Personnellement, je pense que le Mali actuel a encore besoin des avantages de la Cedeao, et vice-versa. Il faut néanmoins préparer le terrain pour sortir de l'Uemoa, afin de procéder à la création de la monnaie malienne, gage de souveraineté, en attendant la vraie eco (sans liens avec l'euro) de la Cedeao. Les avantages de la Cedeao sont entre autres : la libre circulation des personnes et des biens, le marché commercial (plus de 400 millions de clients) assimilables à la zone de libre-échange dans l'espace et bien d'autres avantages institutionnels.

Ibrahima Dougnon, professeur Mathématiques- Physique - Chimie



L’esprit de la Cedeao est en porte à faux avec les pratiques de la Cedeao. La Cedeao a été créée et initiée pour faciliter l’intégration, la libre circulation des personnes et des biens dans la sous-région.

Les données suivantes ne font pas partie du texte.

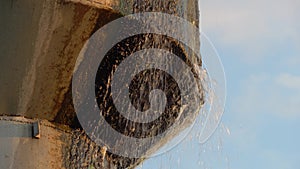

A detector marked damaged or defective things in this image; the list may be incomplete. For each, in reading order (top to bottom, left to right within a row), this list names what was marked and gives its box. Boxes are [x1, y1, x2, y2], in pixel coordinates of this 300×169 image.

rusty metal barrel [0, 0, 202, 168]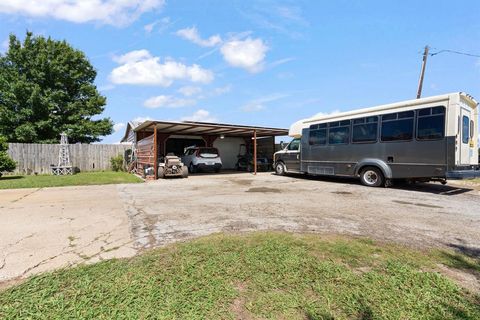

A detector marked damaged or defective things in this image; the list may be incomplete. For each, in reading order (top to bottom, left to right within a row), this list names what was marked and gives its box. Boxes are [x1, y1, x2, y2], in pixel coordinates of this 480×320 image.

cracked pavement [0, 172, 480, 288]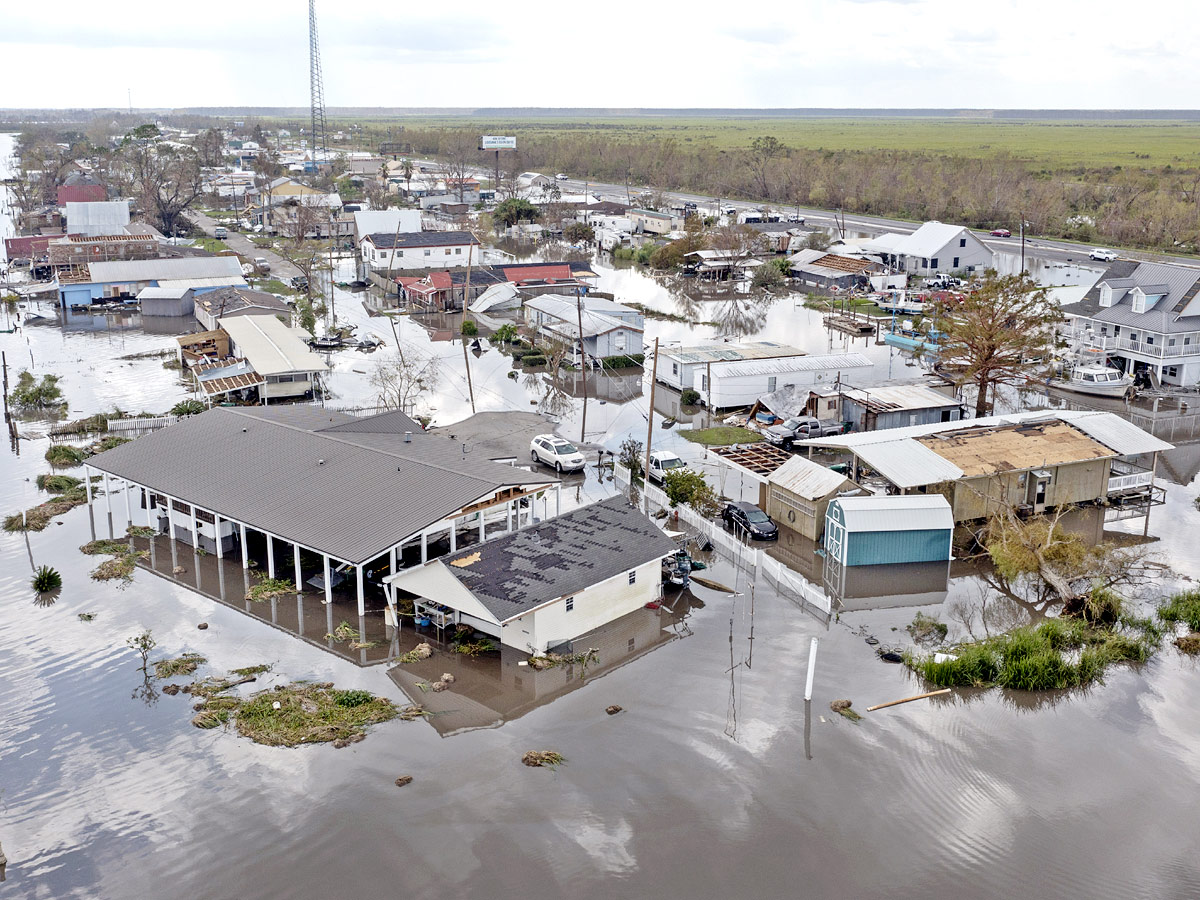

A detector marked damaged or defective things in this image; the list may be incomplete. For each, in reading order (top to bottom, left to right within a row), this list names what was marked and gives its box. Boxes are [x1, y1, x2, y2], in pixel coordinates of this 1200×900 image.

damaged roof [440, 496, 684, 624]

Il suffit qu’un coup d’Etat ait lieu dans un pays pour que la Cedeao lève le ton et crie par-ci par-là, en intimant aux militaires de quitter le pouvoir et de donner le pouvoir aux civils. Et par finir, on a su maintenant que la Cedeao n’est plus pour le peuple, c’est pour les présidents.

Les forces en attente de la Cedeao, ça existe. Mais, le Mali, à ma connaissance, est le premier pays de l’Afrique de l’Ouest à être confronté au problème de terroriste. Est-ce qu’ils sont intervenus avec les forces en attente ? Jamais.

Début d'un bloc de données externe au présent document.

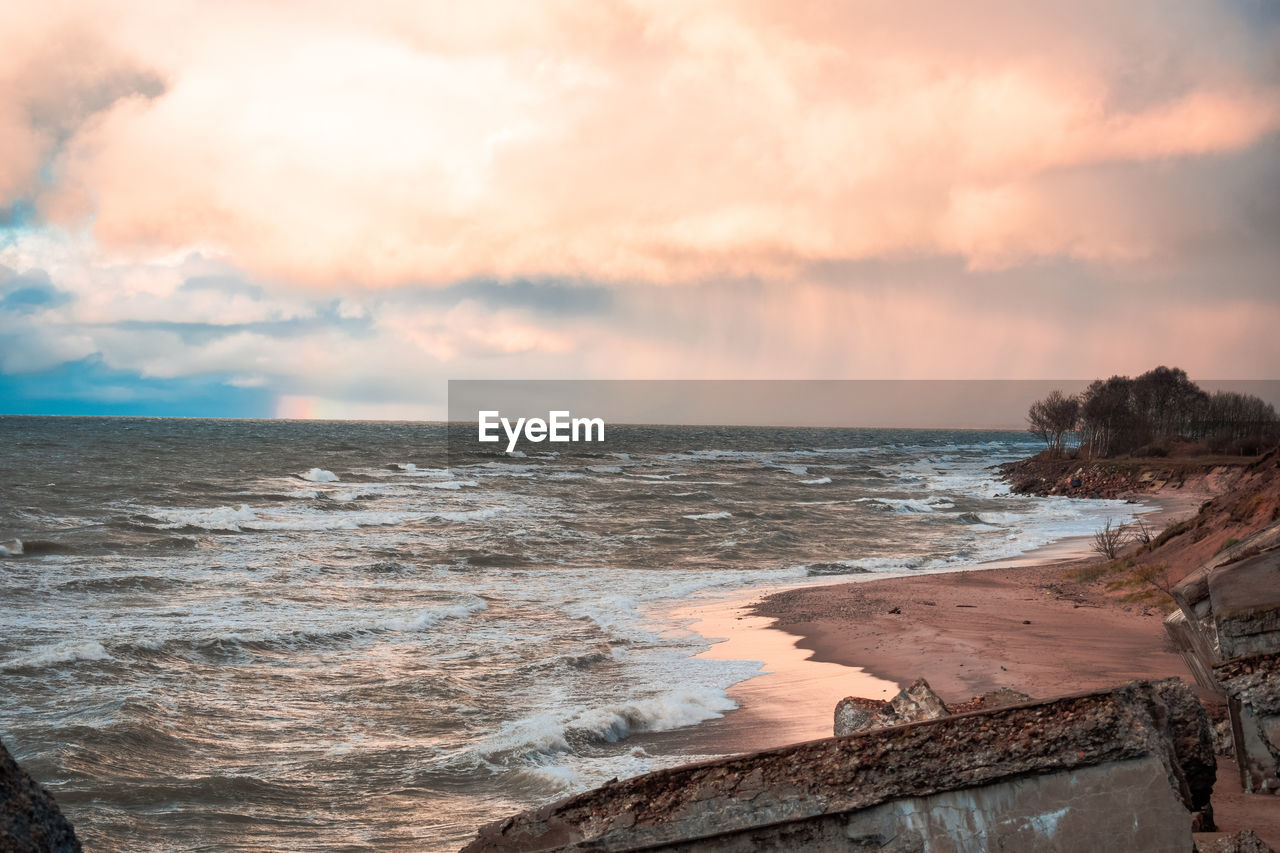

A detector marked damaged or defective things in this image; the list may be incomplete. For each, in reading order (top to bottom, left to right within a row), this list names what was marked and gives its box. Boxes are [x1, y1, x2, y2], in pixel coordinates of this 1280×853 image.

broken concrete structure [1168, 548, 1280, 796]
broken concrete structure [0, 740, 81, 852]
broken concrete structure [464, 680, 1216, 852]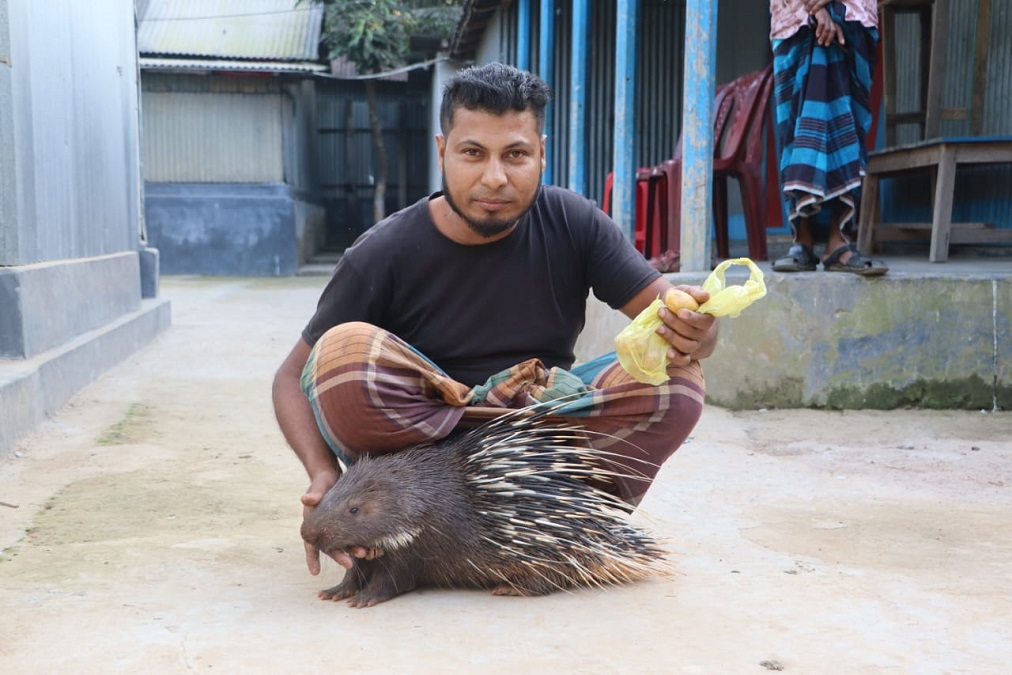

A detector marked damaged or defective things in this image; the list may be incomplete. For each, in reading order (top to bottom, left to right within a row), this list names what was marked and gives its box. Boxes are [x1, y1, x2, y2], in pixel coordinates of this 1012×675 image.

cracked concrete floor [1, 277, 1011, 671]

Aujourd’hui que nos militaires sont en train de montrer la preuve, ils sont victorieux sur les terroristes et ils veulent qu’ils quittent. Donc, ce genre d’institution n’a pas son importance dans la vie de notre beau pays, le Mali.

Oumar Tounkara, commerçant détaillant



Je suis confiant malgré le contexte. J’appelle les uns et les autres au calme et à la retenue. Je n'ai aucune crainte face aux sanctions de la Cedeao. Je ne vois pas pourquoi on devrait s'en inquiéter si nos marchandises peuvent passer par l'Algérie ou par la Mauritanie. Donc, il y a plus de peur que de mal. Je crois que c'est le moment ou jamais pour le Mali de quitter définitivement la Cedeao. Pour moi, c’est l’heure du patriotisme. Nous devons être fiers d'abord d'être Maliens. C’est dommage et regrettable que des organisations sous-régionales ouest-africaines se fassent instrumentaliser par des puissances extrarégionales aux desseins inavoués.

Keïta Saran Diarra, enseignante

Je crois que les autorités maliennes de la transition et la Cedeao doivent trouver un terrain d'entente, c'est mieux. Sinon j'ai vraiment peur. C'est une perte pour l'Etat d'abord. Car si l'Etat part en faillite, c’est lui qui doit subventionner beaucoup de choses, les différents produits et ils deviennent de plus en plus chers. Véritablement, c'est cela mon inquiétude.

Cheick Diallo, tailleur



Il a rejeté les mesures prises par les deux institutions (Uemoa, Cedeao). Il déplore le caractère inhumain de ces mesures qui viennent affecter les populations déjà durement affectées par la crise sécuritaire et la crise sanitaire liée à la Covid-19. C'est dans l'esprit de tout remettre en cause au Mali, ils sont au service de la France.

Je crois que la Cedeao vient de donner une grande opportunité aux autorités maliennes de la transition non seulement de la quitter, mais aussi de créer sa propre monnaie. C’est aussi l'opportunité au peuple malien de garder sa propre souveraineté. Nous acceptons ces sanctions avec engagement et dévouement, et nous demandons au peuple malien de rester soudé.